La nécessité de la lutte de classe
La situation actuelle est marquée par une stagnation de la croissance industrielle, voire par des signes de récession, alors que les dettes ne font que se creuser et que l’inflation rogne toujours les salaires. C’est dans ce contexte fortement dégradé que la bourgeoisie se doit d’attaquer encore davantage les ouvriers afin de renforcer de manière consistante ses moyens militaires. En clair, la bourgeoisie n’a pas d’autre choix, du fait de la spirale dans laquelle l’entraîne la faillite de son système, le capitalisme, que de planifier froidement des attaques en vue de préparer la guerre, d’imposer l’austérité pour nous entraîner davantage dans sa logique de destruction.

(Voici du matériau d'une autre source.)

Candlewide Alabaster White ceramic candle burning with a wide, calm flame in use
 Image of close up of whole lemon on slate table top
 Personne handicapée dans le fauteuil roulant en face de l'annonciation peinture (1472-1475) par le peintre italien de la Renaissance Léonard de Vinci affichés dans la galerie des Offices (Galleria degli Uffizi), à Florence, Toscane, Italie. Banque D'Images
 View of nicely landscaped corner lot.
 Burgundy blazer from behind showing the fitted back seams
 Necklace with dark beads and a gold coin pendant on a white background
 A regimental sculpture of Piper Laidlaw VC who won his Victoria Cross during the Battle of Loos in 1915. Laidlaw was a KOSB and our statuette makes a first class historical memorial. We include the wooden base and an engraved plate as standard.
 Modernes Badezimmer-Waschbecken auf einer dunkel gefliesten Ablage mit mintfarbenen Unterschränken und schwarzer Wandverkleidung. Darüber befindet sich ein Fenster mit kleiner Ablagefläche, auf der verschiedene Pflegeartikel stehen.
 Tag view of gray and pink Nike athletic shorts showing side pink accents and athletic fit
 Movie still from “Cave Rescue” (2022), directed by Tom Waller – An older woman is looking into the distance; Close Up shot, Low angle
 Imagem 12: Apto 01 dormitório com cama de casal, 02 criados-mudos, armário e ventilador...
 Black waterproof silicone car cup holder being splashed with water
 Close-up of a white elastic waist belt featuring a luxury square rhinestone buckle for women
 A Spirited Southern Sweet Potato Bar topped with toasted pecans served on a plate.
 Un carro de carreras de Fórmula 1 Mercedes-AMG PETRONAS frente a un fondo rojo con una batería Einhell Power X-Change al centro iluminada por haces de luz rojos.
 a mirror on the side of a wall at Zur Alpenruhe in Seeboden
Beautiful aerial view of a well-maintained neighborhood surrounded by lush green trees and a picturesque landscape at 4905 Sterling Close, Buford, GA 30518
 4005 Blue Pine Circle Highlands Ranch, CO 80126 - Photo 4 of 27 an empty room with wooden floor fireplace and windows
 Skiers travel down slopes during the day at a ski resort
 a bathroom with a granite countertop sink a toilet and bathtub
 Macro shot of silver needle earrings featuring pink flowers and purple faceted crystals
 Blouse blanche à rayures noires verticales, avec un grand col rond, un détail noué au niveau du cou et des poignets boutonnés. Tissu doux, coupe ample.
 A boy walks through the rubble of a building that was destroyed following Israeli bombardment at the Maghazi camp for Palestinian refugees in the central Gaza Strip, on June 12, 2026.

Une telle folie et les nouvelles attaques économiques qu’elle induit ne peuvent que favoriser les conditions pour une poursuite de la lutte de classe. En réalité, les campagnes idéologiques sur la guerre révèlent de manière paradoxale que la bourgeoisie marche sur des œufs pour tenter d’imposer l’austérité. Toutes ses inquiétudes sont d’ailleurs confirmées par la reprise des luttes ouvrières au niveau international, particulièrement en Europe de l’Ouest et en Amérique du Nord. De telles résistances, malgré leurs grandes faiblesses, témoignent du fait que la classe ouvrière de ces pays n’est pas prête à « mourir pour la patrie ».
WH, 10 avril 2024
1) Rosa Luxemburg, La crise de la social-démocratie (1915).